Photography - 1. The process or art of producing images of objects on sensitized surfaces by the chemical action of light or of other forms of radiant energy, as x-rays, gamma rays, or cosmic rays. 2. literally writing or drawing with light (from the Greek words photos meaning light and graphics, writing). First suggested by Sir John Herschel to William Fox Talbot in 1839.
Push / Pull Processing - Increasing or decreasing the development time of a film to change its effective speed (raising the ISO number for initial exposure ) for low/bright-light situations; forced development.
RGB - the way that the colors are recorded in digital imaging. A large percentage of the visible spectrum can be represented by mixing red, green and blue (RGB) colored light in various proportions and intensities.
Reciprocity - Most films are designed to be exposed within a certain range of exposure times-usually between 1/15 second to 1/1000 second.
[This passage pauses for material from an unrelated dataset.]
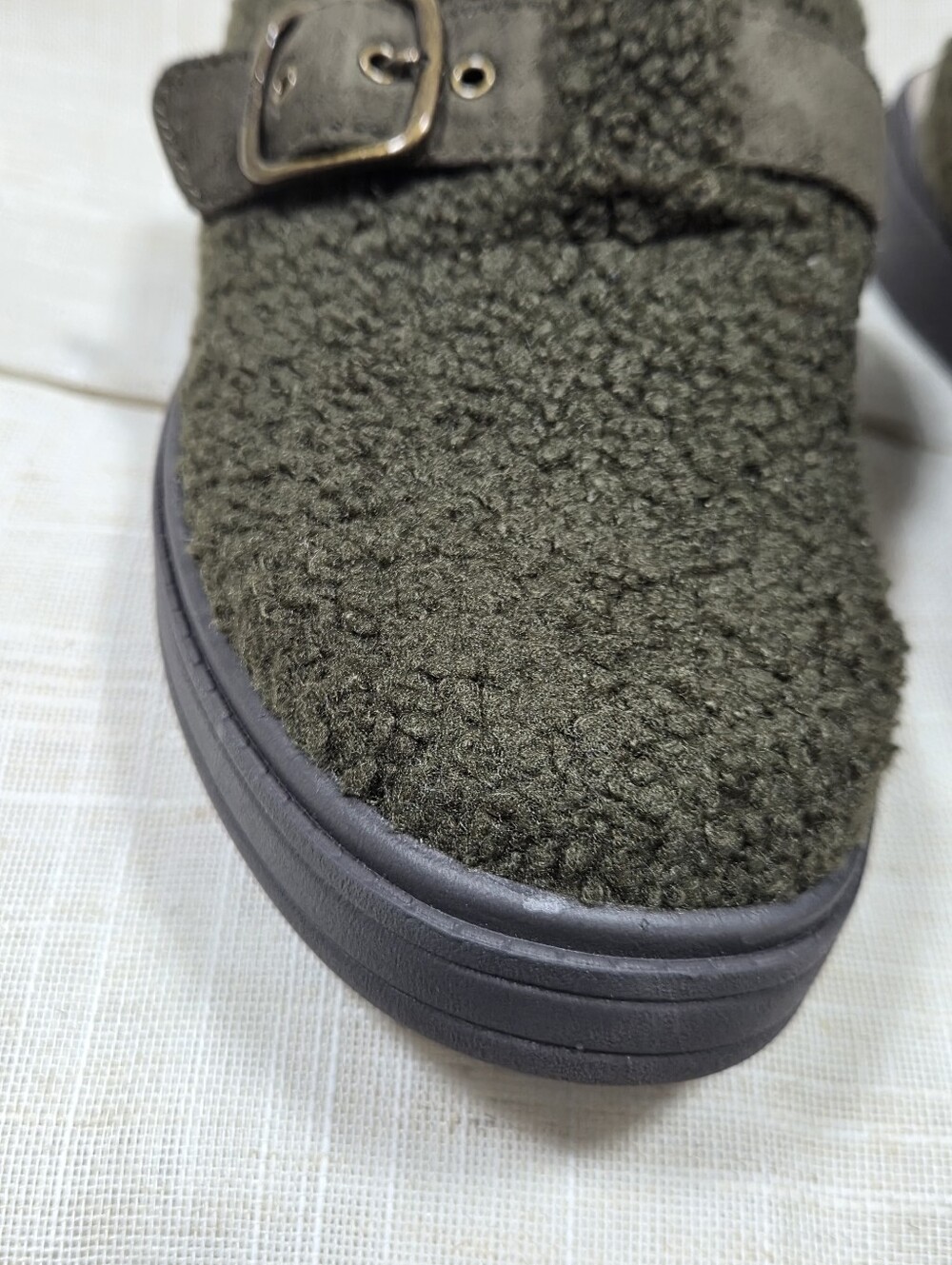 Life Stride Women's Olive Green Faux Shearling Slip-On with Buckle Size 6.5 . - Picture 11 of 12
When exposure times fall outside of this range-becoming either significantly longer or shorter-a film's characteristics may change. Loss of effective film speed, contrast changes, and (with color films) color shifts are the three common results. These changes are called reciprocity effect.
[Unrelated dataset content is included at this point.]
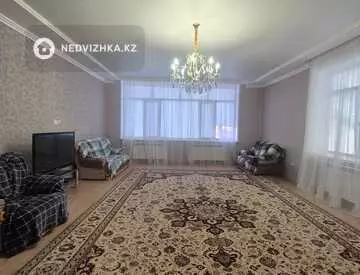 3-комнатная квартира, этаж 1 из 5, 151 м²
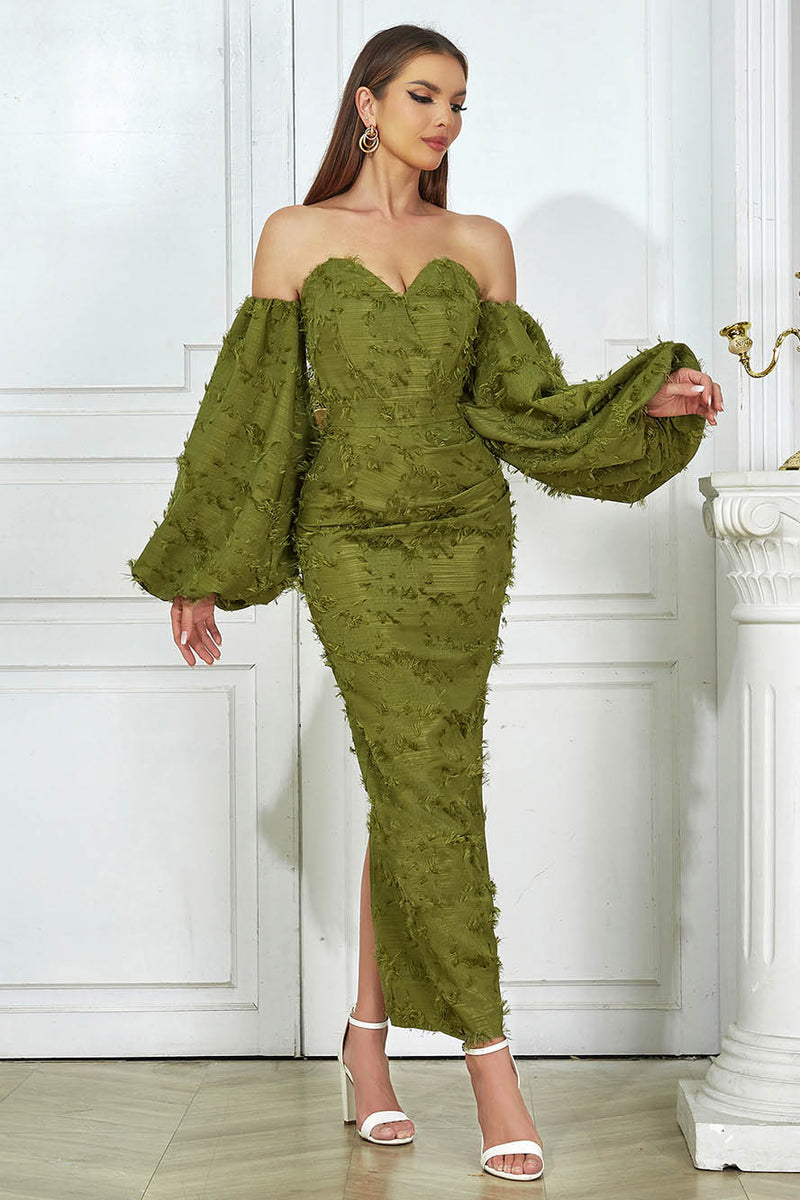 Well Tailored Garment with a Graceful Silhouette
Reticulation - Cracking or distorting of the emulsion during processing, usually caused by wide temperature or chemical-activity differences between the solutions.
Reflectance - the light intensity emitted from a surface in a given direction.
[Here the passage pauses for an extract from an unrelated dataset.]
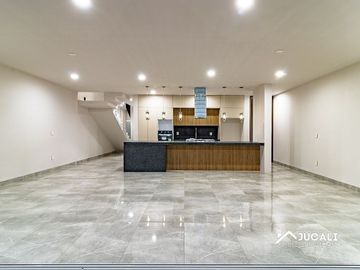 Casa en Venta Dentro de Coto con alberca, Fraccionamiento Solares, Zapopan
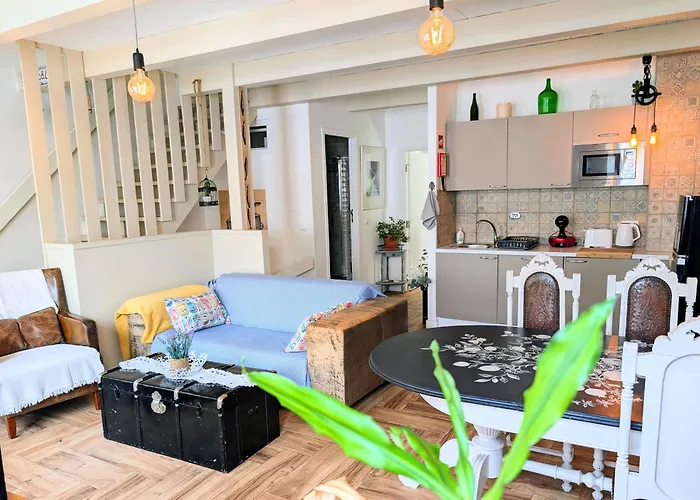 Charming Portuguese Style Apartment, For Rent Vida à Portuguesa, Gaivota Local *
Resolution - refers to a measure of the detail that can be seen in an image; the higher the resolution, the finer the detail that can be seen.
Scala- is a B&W ortho-clear-base film type made by AGFAphoto for creating B&W slides. The film and process are now discontinued.
Silver - The principal use of silver is as a precious metal. Its salts, especially silver nitrate and silver halides, are widely used in photography, which is the largest single end use of silver.
Silver Halide - Compounds formed between silver and one of the halogens, usually silver bromide (AgBr), silver chloride (AgCl) and silver iodide. Silver halide crystal is exposed to light, a sensitivity speck on the surface of the crystal is turned into a small speck of metallic silver, these comprise the invisible or latent image. If the speck of silver contains approximately four or more atoms, it is rendered developable. It can undergo development which turns the entire crystal into metallic silver.
Slide - A photographic transparency (positive) mounted for projection.
Solarization - reversal or partial reversal of tones in a photographic image caused by vast amounts of over-exposure. It is often inaccurately used to describe the partial reversal effect caused by fogging photographic material with light, which is actually the Sabattier effect.
Under-exposure / Down - refers to a condition where too little light reaches the film or digital camera sensor, either because the light is not sufficient or it hasn't been applied long enough; it results in a very dark photograph.
Transparency - A positive photographic image on film, viewed or projected by transmitted light (light shining through film).
Zone system - is the method of determining exposure and development required for individual scenes, invented by Ansel Adams. It is based on analysis of subject luminosities in terms of ten gray tones, labeled zones 0 through X and pre visualizing them as print densities. By measuring each subject luminance with a hand meter it is possible to determine how much the range of values must be contracted or expanded by negative development control to give the required values in the print.